I. Have. The. Power.

They are just words. But instead of words privately exchanged on “recorded lines,” they are on Twitter for my three and a half followers to see, and Best Buy does not want what happens on recorded lines to become public domain. (That’s why they can’t even access their own recordings to verify what was promised.)

Unprecedented times is a term we’ve been throwing around for years now, so it’s kind of lost its luster, but never before have we lived in a society with such high expectations and such pathetic follow through. 

If you want your spending experiences to be pleasant, you’ve got to use your words. I don’t mean you’ve got to tell the saleswoman at the Suburu dealership that you “don’t want any funny business.” I mean you need a platform—a blog, a newsletter, an Instagram, a Twitter no one really pays attention to.

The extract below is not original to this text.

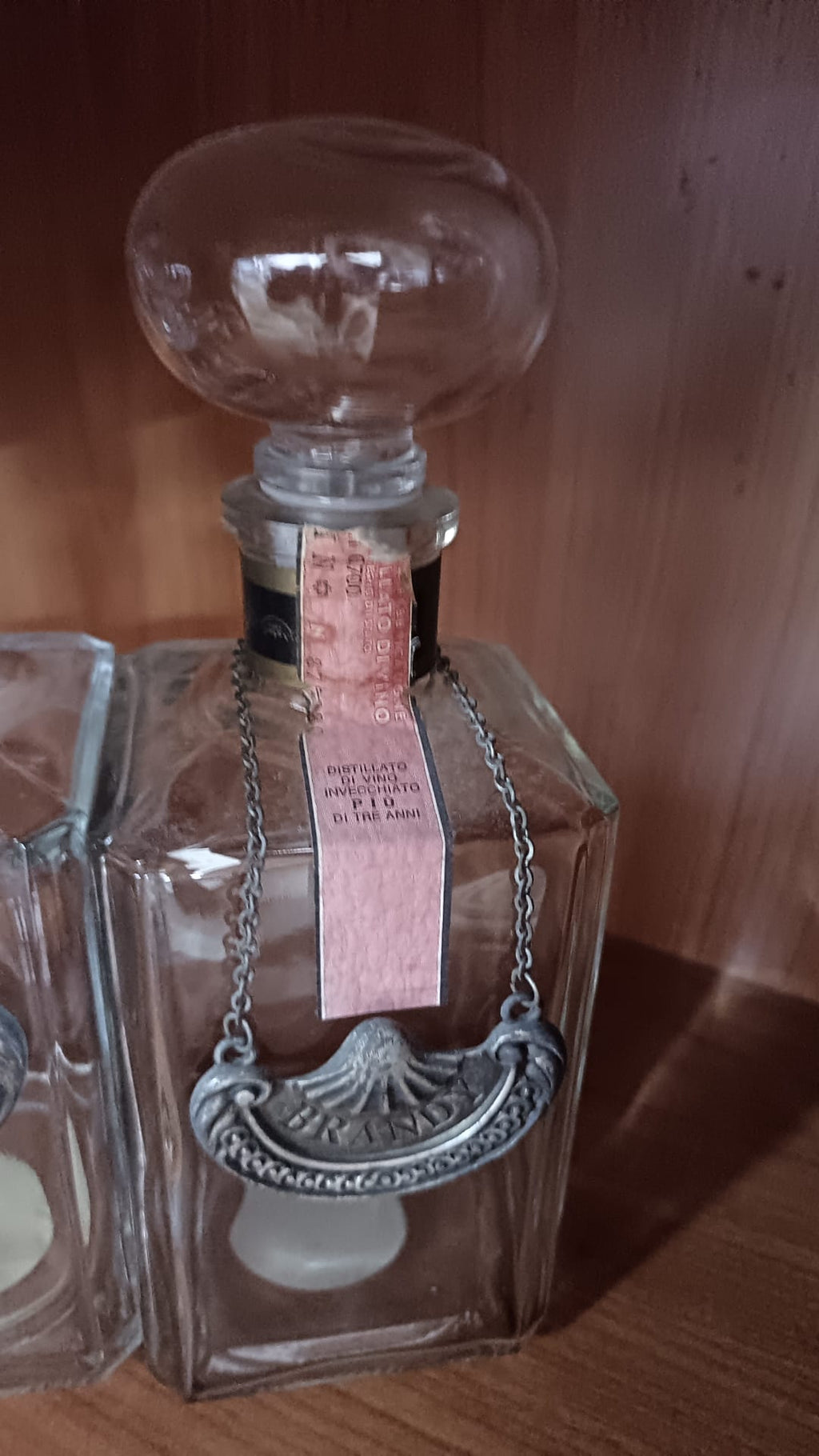 Tris bottiglie di liquore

You need a platform to find out what people are saying about the companies you’re thinking about doing business with and you need a platform to publish if things don’t go as planned.

Do you want to sit on hold for 30 minutes or do you want a tweet back in THIRTY SECONDS?

Use other people’s words to decide where you’re going to spend your cold, hard cash (and your available credit, but that doesn’t sound as cool.) 

Yes, we’re all just trying to pick the company that won’t keep us waiting for an oven or a toilet for six months, but install teams will keep letting bees into your house and customer service reps will keep you pacified with lies if you keep giving them your money.  

Use your words—on your platform, in a Google review, or in a newsletter you print at Office Depot and deliver to your neighbors—to tell people about your experiences. Don’t forget to write about the good stuff too.

Present day:

In conclusion, I’m still waiting for Bacarri (from Best Buy’s Twitter account) to “find a resolution,” to my stained rug and my price match promise gone wrong. Now that this post is published, I expect to hear from them soon.

*All names have been changed to Camilo to protect the guilty.

**This is Camilo the second, different from Camilo the first.